Sometimes the most honest critique of the U.S. policy can be found in foreign media, simply because they are unencumbered by the fawning advocacy that pervades much of the U.S. media where President Obama is concerned. The major German media outlet, Der Spiegel ran an article this morning with the headline,'Obama's Middle East Policy Is in Ruins.'

That's the conversation that our MSM should be having as events continue to unfold in the Middle East.

Update 2: (9/14/12):

Richard Fernandez presents his take on the foreign policy debacle we are witnessing. His entire piece is worth reading:
But it is worse than 1979 [the Carter/Iran debacle]; the current alliance [Obama/??] puts America in the back of the bus as expressed in the tagline “leading from behind.” In that slogan is described a self-imposed inferiority, a chronic submission to political enterprises that would, if closely inspected, be dubious to say the least ...

What could go wrong? If things look perverse it is because they are perverse. Like a car with square wheels, a submarine with a screen door or a rifle with barrel curved backward toward the stock, it just doesn’t look like it’s not going to work. It’s not going to work. And now confirmation of the fact has arrived by the light of burning embassies which throw their fitful glare on the bloody hand prints of those dragged to their deaths. It is snapshot of incompetence in pursuit of an imbecility.

And it cannot be undone by a successor administration any more than Reagan could undo the damage caused by Jimmy Carter. The damage is too great for a quick fix. The West will have to live with instability and hostility in a region upon which much of the world depends for energy for some time to come. No solar panels, algae, no number carbon trading certificates — no fiction peddled by those whose stock in trade is fantasy — can paper over that sad fact. The bill for folly has arrived and it will be generations paying it.

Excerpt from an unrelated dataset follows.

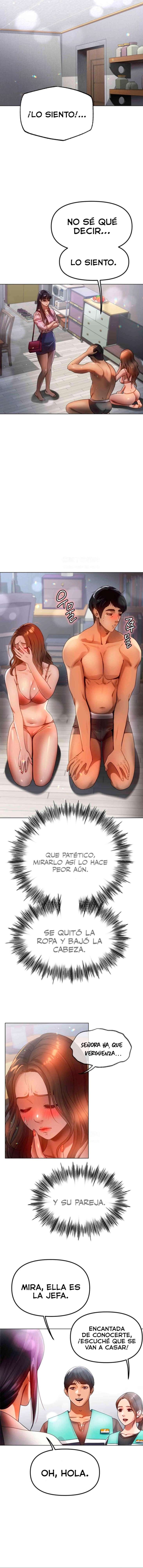 ¿Te Gusta Hacer Ejercicio? Capitulo 8 página 6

All that can be done now is to stop digging the hole any deeper.

Update 3: (9/16/12)

And this from Victor Davis Hansen:
One of the ways of understanding the strange nonchalant response [e.g., Susan Rice's incredible claim on Meet the Press that the violence in Libya and Egypt were not directed at the Obama administration or the USA] of the administration to prior warnings of trouble in the Arab Spring countries, and its contextualization of the violence on the anniversary of 9/11, is its belief that it is somehow separated from the object of the violence. Raging crowds and Islamic wrath could not possibly be connected to the enlightened Obama administration or, more generally to a U.S. that has been “reset” on his watch — given the three years of laborious Muslim outreach and the long-ago departure of George Bush. So we are to think away all those burning flags, stormed consulates, and dead Americans, and instead remember that the violence “is a response,” a sort of cry of the heart against a couple of America-residing video makers — and has nothing much to do with any anger at well-meaning Americans per se.

Apparently no one in charge seems to grasp that this latest video pretext is simply yet another tool, in a long line of many, for premodern Islamists to manipulate and galvanize their fury against the United States, whose success and power obsess them no end — no matter what we do or who happens to be in the White House, soaring Cairo speech and “leading from behind” or not.